Ce document a été produit en partenariat avec International Budget Partnership. Il donne une lecture citoyenne des choix budgétaires de notre pays pour l’année 2025, et interpelle les autorités de l’Etat burkinabè à plus de pertinence dans la planification des recettes et des dépenses.

Comment combler le gap des 464,1 milliards FCFA ?

Pour le ROSC-PF, le projet de loi de finances, exercice 2025, reflète les orientations de « reconquête de l’intégrité territoriale, de développement et de promotion de la bonne gouvernance » imprimées par les autorités. Sur le budget de l’État, exercice 2025, on note un déficit budgétaire (besoin de financement) de 464,1 milliards FCFA. « Ce gap de financement du budget 2025 représentant 13% des dépenses budgétaires de 2025 sera couvert par les ressources de trésorerie de l’État et l’endettement à coût raisonnable », ont laissé entendre les conférenciers.

Cet endettement à « coût raisonnable ou à faible taux ne peut être possible que si la création de la richesse nationale atteint un niveau qui puisse offrir des garanties suffisantes et amoindrir les risques pour les créanciers », ont-ils analysé, notant que cette option « est réalisable, car la croissance économique du pays poursuit sa tendance haussière en s’affichant à 5% en fin 2024, en dépit de la crise sécuritaire et humanitaire ». Cependant, la couverture d’une partie de ce déficit peut aussi « épouser une approche endogène complémentaire comme la mobilisation des apports des populations en nature pour les actions d’investissement », a ajouté Hermann Doannio qui a pris en exemple les travaux d’intérêt commun.

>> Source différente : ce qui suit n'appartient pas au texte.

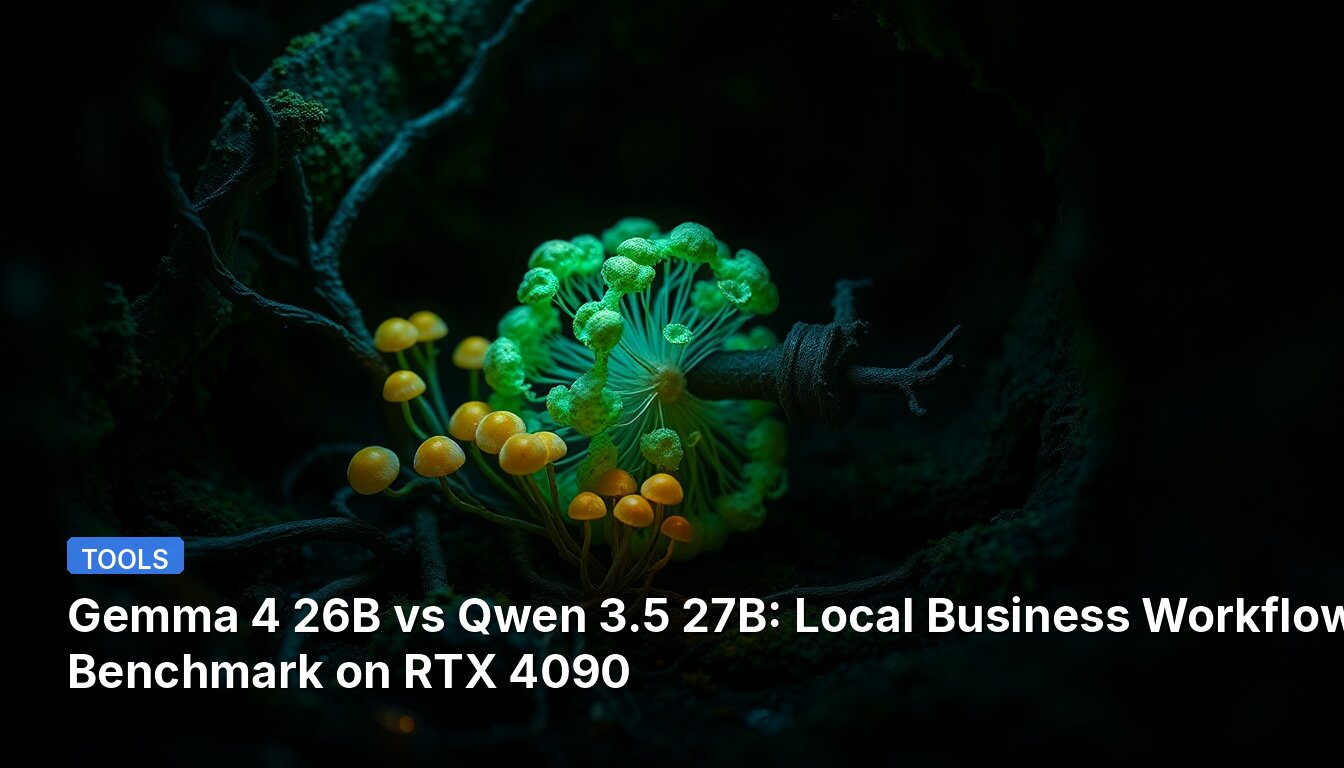 Gemma 4 26B vs Qwen 3.5 27B: Local Business Workflow Benchmark on RTX 4090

« Depuis 2021, c’est l’un des déficits les moins importantes du budget de l’Etat. Nous avons constaté que le gouvernement a développé un certain nombre d’initiatives pour optimiser la mobilisation des ressources. Ce qui fait que dans ce budget, on a quand-même un déficit assez contenu et qui ne va pas exiger qu’on s’endette énormément », a salué le conférencier principal, ajoutant que le pourcentage en termes de déficit représente 3,6% du PIB, ce qui rentre dans les critères de convergences de l’Union économique et monétaire ouest-africaine (Uémoa).

Les recommandations de la société civile

A la suite de leurs constats, le ROSC-PF, au titre des recettes, demande « l’imposition des grands producteurs agricoles et des grands éleveurs ; d’intégrer la possibilité pour le contribuable rural de payer en nature (céréales ou animaux) ; l’imposition des agences immobilières qui gèrent souvent des baux locatifs pour les particuliers ; le recensement et l’imposition des résidences hôtelières, la pratique s’est largement répandue ces dernières années ; la rationalisation des avantages fiscaux ou mesures fiscales dérogatoires en faveur du secteur minier surtout le remboursement des crédits TVA qui viennent réduire significativement les recettes minières ». Cela pourrait se faire, selon les conférenciers, « en autorisant aux sociétés minières bénéficiaires, le paiement de certains impôts sur ces remboursements (et) le retrait de l’exonération des cimenteries de la taxe spécifique sur le ciment destiné à l’exportation ». « L’État ne peut pas perdre de l’argent pour que les entreprises soient compétitives à l’extérieur », a dit M. Doannio.

Au titre des dépenses, le rapport suggère au gouvernement, « la rationalisation des ateliers/missions pour autoriser les ateliers et les missions qui méritent effectivement des déplacements ».

Cet exercice de la société civile est devenu maintenant une tradition. Le ROSC-PF a confié que l’année passée, il a eu à transmettre son rapport à l’Assemblée nationale. Ce qui a permis aux membres du Parlement de l’apprécier et même d’auditer les experts du Réseau qui a livré sa lecture sur le projet de loi des finances. Ces éléments, à en croire les conférenciers, permettront aussi aux parlementaires de pouvoir alimenter les débats avec le gouvernement pour faire prendre en compte un certain nombre de décisions qui participent au développement du pays.